In the example of a non-ML software development model, designs would be released to development as stories 70% of the time but complex design items would stay in design 30% of the time and stories not understood by the developers would return to design 40% of the time. The other transitions are explained by the tensors and weighted by percentages. In the example I have not included a direct flow from Design to Release without going through Development. I have included a link between Release and Design as some items might not meet the customer requirements on Release so could go straight back to Design rather than going back to Development.

With a Markov Chain the probabilities provide a weighting which allows a simple calculation of the efficiency of the model. This make is easy to quantify what percentage of design goes into release with the fewest possible steps. The same can apply to a ML software delivery model with additional states such as Machine Learning Operations and Data Science.

Some learnings in AI Product Management and Markov Chains
A Machine Learning Software Development Lifecycle represented as a Markov Chain

Machine Learning operations including the management of training data and federated learning is a discipline with its own best practices and career progressions. Machine Learning Operations requires specific skills including Dev Ops environment management for training and production separation alongside other skills such as Information Governance processes for training data. Solutions may have ML Ops as their final state before Release, especially in early product releases. ML Ops may also take responsibility for security and Security by Design is important when working with any form of personal data. Privacy-enhancing technologies and Zero-Trust Frameworks are useful here when synchronous algorithms can be victim to model inversion attacks. When working with Genetic Data (GWAS) and or Polygenic Risk Scores it is important to build a secure platform which encrypts personal data and uses PETs to avoid deducing further personal data from training data and the algorithm.

The Data Science capability can sit within any part of the framework from architecture design, product prototyping, and data wrangling, through to software development. Personally, I have always tried to be both a Data Scientist and a Software Developer throughout my career and I always try to cross-convert development skills with data skills in my teams. Too frequently organisations will silo their engineers. As a CTO I always recommend breaking down artificial barriers between Development and Data. It might seem obvious, but a successful ML Product Manager needs to be good at envisioning the problem and how the ‘Problem’ can be solved by Machine Learning. The Product Manager must be able to translate the business problem that can be solved by Machine Learning. This requires trust with the Data Engineering and Research Science capabilities.
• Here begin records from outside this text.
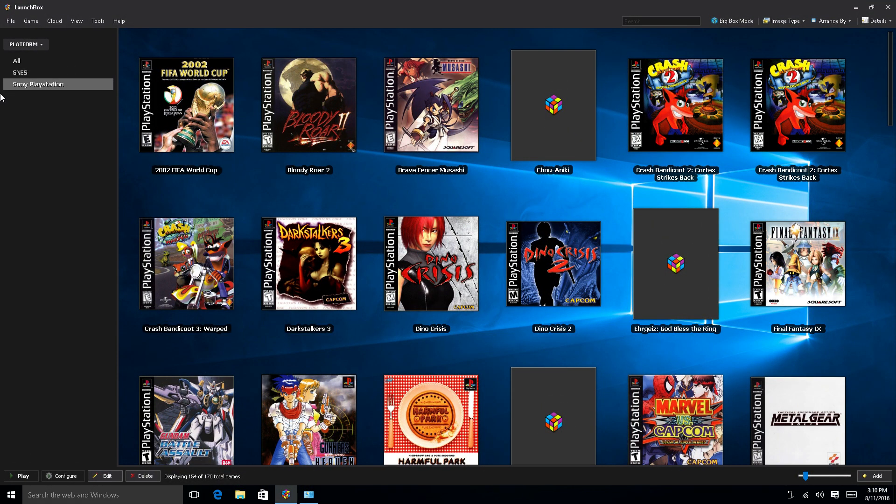Hey, what's going on guys, it's ETA Prime back here again. Today I want to test the PlayStation 1 emulator. I'm using LaunchBox within Windows 10 32-bit and PSX Rearmed. The LattePanda is a small single-board Windows 10 computer with 2 gigabytes of RAM — they also offer a 4 gigabyte model — and an Atom x5-Z8300 CPU, quad-core clocked at 1.6 gigahertz with Intel HD graphics and 32 gigabytes of onboard storage. It's a very low power board, doesn't pull more than two amps, and it performs pretty well. I don't want to make this video too long, so I'm only going to test a few games.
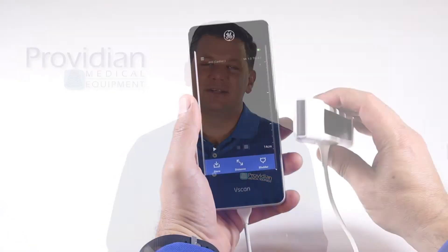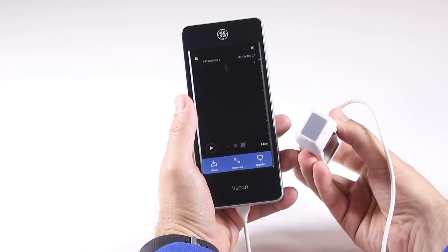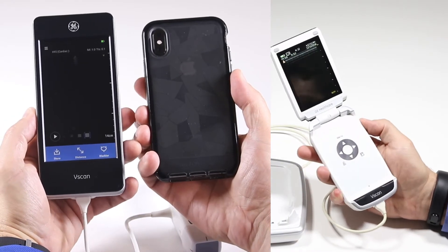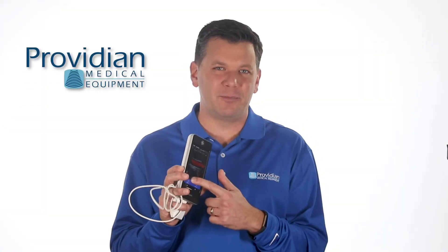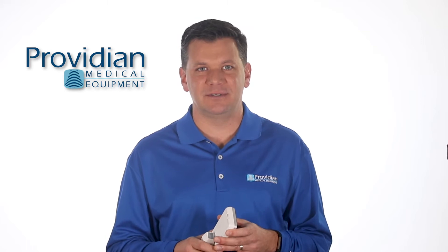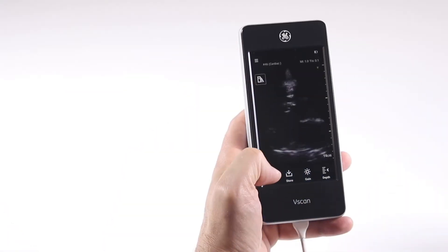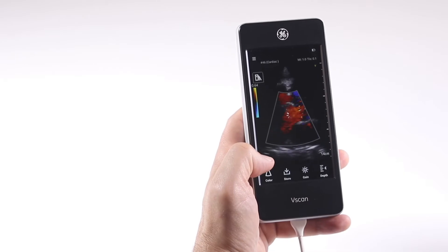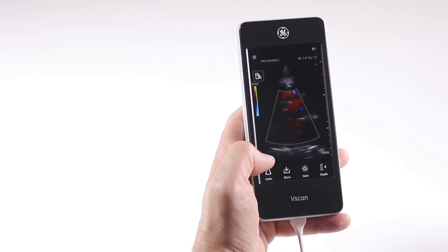This is the third generation of the GE vScan lineup. The Xtend is larger, has a new interface with touchscreen controls, downloadable apps, Wi-Fi, and a much larger screen than its predecessors. It has good frame rates, but it's not the fastest when changing imaging modes — though when you're just talking about a few seconds, it's really not a big deal and won't slow you down.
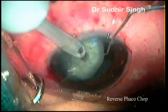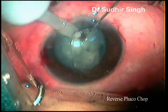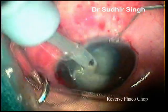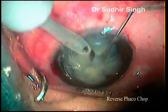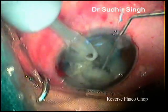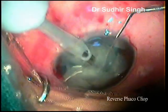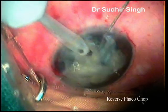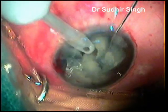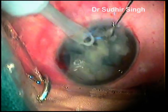We use the reverse chopped nucleotomy technique in intumescent white cataracts. The phaco probe tip is buried into the nucleus, then the nucleus is lifted up. The chopper is then moved from the posterior pole to the anterior pole of the nucleus and the nucleus is chopped. This process is repeated multiple times to create small nuclear fragments. Each nuclear fragment is emulsified one by one.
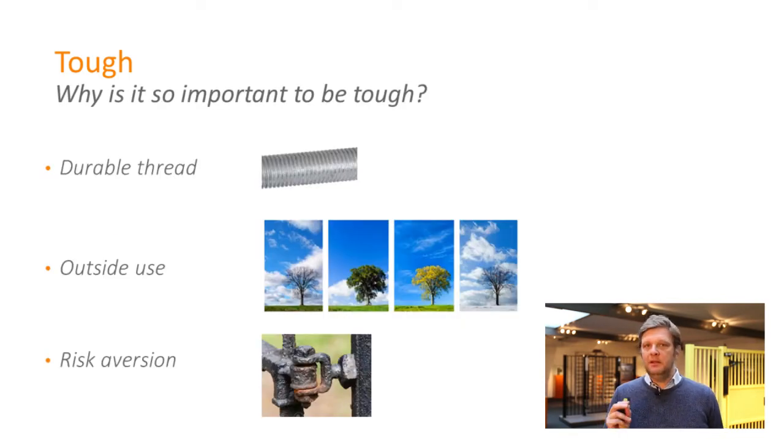So why is it so important to be tough? Our Lockinox components are made for outdoor use, so good protection is essential. The thread, as I said, is well treated — it won't rust. And obviously, looking at your gate and your hinges, you want a reliable hinge. You do not want any risk of hinges breaking — that's a danger, of course.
The Design phase of any ML implementation requires a strong and flexible architecture. The same concepts of componentisation, architectural separation, and APIs apply equally to a ML service. Persistence is important for more complex machine learning solutions and wrangling data into the appropriate structure in advance will always be advantageous in a closed loop systems. When dealing with PetaBytes of genomic data for example an appropriate Columnar data structure with metadata stored in a graph or hashmap structure can improve the speed of machine learning.

Lastly, the philosophies of Behavioural-Driven Development (BDD) testing and “Given, When, Then” testing still apply with Machine Learning services. Though it becomes even more incumbent upon the ML Product Manager to work on the problem mapping, together with the architects, so that they are figuring out the present problem and how many of them can be solved using machine learning. You can’t solve all your problems and issues using machine learning. Therefore, a machine learning product manager must be able to distinguish those problems. I personally recommend starting with robust and broad acceptance criteria when training a supervised learning model, such as a decision tree, and then finessing the test cases and the model together with the data scientists. With Genomic datasets and Polygenic Risk Scores the test is a correlation for genetic mappings between SNPs, existing test and peer review frameworks then come into play.